Rachel Donelson Robards Jackson (1767-1828)

Rachel Donelson

Rachel Donelson Robards Jackson was born in July of 1767 to Colonel John and Rachel Donelson. In what is present-day Pittsylvania County, Virginia the Donelson family lived on a rural plantation. Rachel received no formal education beyond basic reading and writing. Instead, she was taught “female” subjects that would prepare her for the roles of wife and mother. Her skills included sewing, spinning, weaving, embroidery, managing a plantation, and directing slave laborers. In 1779, the Donelson family moved to Fort Nashborough (present-day Nashville), Tennessee. Within a few years, the family moved again to Harrodsburg, Kentucky in response to threats of attack from Cherokee and Chickasaw Indian tribes.

At age seventeen Rachel married Lewis Robards, son of a prominent Harrodsburg family. The marriage was an unhappy one, with Rachel claiming physical abuse. In 1790 Rachel and Lewis separated and she returned to the Donelson family home. She believed that her husband would file a petition for divorce. To escape him, she fled to Natchez, Mississippi with a group of friends and relatives. Future President Andrew Jackson, a friend of the family, escorted and protected their group as they traveled through the unfamiliar territory. In 1791 Rachel Robards and Andrew Jackson wed in Natchez. Upon their return to Tennessee that same year, the Jacksons and the Donelson family settled in Nashville.

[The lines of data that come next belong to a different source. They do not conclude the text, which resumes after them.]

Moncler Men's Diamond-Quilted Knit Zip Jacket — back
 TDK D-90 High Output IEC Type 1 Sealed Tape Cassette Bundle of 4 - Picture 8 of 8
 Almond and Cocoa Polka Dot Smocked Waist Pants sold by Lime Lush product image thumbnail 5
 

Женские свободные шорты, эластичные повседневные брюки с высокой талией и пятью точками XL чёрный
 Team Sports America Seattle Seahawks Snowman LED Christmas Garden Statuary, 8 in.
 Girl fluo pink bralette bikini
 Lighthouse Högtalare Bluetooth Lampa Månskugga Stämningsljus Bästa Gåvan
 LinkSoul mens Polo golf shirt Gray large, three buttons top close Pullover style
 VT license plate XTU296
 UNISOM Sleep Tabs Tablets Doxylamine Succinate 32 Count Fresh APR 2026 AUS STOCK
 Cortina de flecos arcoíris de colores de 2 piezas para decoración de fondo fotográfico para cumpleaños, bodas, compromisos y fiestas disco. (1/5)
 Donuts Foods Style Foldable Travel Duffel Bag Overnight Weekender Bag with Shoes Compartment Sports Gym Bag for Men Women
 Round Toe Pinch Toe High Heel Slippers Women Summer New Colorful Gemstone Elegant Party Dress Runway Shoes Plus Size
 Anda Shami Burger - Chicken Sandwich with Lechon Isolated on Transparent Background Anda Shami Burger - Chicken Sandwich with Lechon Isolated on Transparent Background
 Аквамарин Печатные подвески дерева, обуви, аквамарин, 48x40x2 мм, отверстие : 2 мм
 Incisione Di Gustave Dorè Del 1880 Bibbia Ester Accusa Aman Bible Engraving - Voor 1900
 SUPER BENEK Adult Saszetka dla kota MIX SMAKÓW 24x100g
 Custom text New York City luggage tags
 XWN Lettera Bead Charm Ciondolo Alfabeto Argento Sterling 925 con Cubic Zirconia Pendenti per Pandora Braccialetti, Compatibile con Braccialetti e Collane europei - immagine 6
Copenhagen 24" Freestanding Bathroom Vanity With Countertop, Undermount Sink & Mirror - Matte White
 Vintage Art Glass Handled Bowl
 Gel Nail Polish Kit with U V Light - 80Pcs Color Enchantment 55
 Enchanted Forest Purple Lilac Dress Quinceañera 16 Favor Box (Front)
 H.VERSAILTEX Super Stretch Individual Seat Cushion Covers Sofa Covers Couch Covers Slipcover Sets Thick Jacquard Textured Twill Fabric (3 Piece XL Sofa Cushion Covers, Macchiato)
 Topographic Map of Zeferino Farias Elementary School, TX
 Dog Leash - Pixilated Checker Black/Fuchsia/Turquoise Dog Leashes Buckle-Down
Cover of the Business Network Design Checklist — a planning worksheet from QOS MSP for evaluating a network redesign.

In 1793 Andrew and Rachel Jackson learned that Lewis Robards had never obtained a divorce; he had merely been granted permission to file for one. This made Rachel a bigamist and an adulterer. On the grounds of Rachel’s abandonment and adultery, Lewis Robards was granted a divorce in 1794. At about this same time, the legitimacy of the Jackson marriage was questioned because they were married in then-Spanish-controlled Natchez, Mississippi. The Jacksons were Protestants, and only Catholic marriages were recognized as legal unions in that territory. After the divorce was finally legalized in 1794, Andrew and Rachel wed again in a quiet ceremony at the Donelson home.

Around 1800, the Jacksons began construction on their now-famous plantation in Nashville, the Hermitage. The couple had no biological children but adopted two sons. One was Andrew Jackson, Jr. who was Rachel’s nephew. Since both his mother and his father were alive at the time of his adoption, it is unclear why the Jacksons assumed care of him. Their second adopted son was Lyncoya Jackson. He was a Native American child whom Andrew Jackson found on a battlefield beside the body of his dead mother. The Jacksons took the child in and raised him from the time he was two years old. Rachel and Andrew Jackson were also the legal guardians for six boys and two girls. Many of these children were relatives of Rachel’s and the rest were children of Revolutionary War General Edward Butler.

During Andrew Jackson’s political career, Rachel Jackson preferred to stay at home instead of joining him at public events. She tried to limit her public appearances to religious services. While her husband was off campaigning, she would remain at the Hermitage and manage the plantation. During the 1828 presidential campaign, the press sensationalized the scandal surrounding Rachel’s first marriage. Opponents of Andrew Jackson painted her as a morally lax adulterer and bigamist. One newspaper ran an article asking, “‘Ought a convicted adulteress and her paramour husband to be placed in the highest offices of this free and Christian land?’”(1) Andrew’s marriage to Rachel was used as proof that he was not fit for the role of President. The publicity surrounding her and the public knowledge of what was considered a very private matter caused Rachel to sink into depression. Adding to her stress, in 1828, Lyncoya Jackson died at the Hermitage. Between the scandal, her son’s death, and a heart condition she spent much of the campaign depressed and crying. Once Andrew Jackson won the election, Rachel Jackson was recorded as saying she would “‘rather be a door keeper in the house of God than live in that palace in Washington.’”(2)Jackson’s campaign managers encouraged women from the western states and the wives of Jackson supporters to attend the Inauguration as a show of support for his wife.

In December of 1828, Rachel Jackson had a near-fatal heart attack from which she never fully recovered. She died on December 22, 1828. On Christmas Eve she was buried at the Hermitage in the white dress and shoes she had bought for the Inaugural Ball. Her epitaph reads: “A being so gentle and so virtuous slander might wound, but could not dishonor.”(3)

 

Additional Sources:


Web Sites:

Books:

  • American First Ladies. Robert P. Watson.
  • An Amiable Woman, Rachel Jackson. Katherine W. Cruse.
  • The Presidents’ First Ladies. Rae Lindsay

Footnotes:

  1. As quoted in “First Lady Biography: Rachel Jackson.” http://www.firstladies.org/biographies/firstladies.aspx?biography=7. Accessed on April 5, 2007.
  2. As quoted in “First Lady Biography.”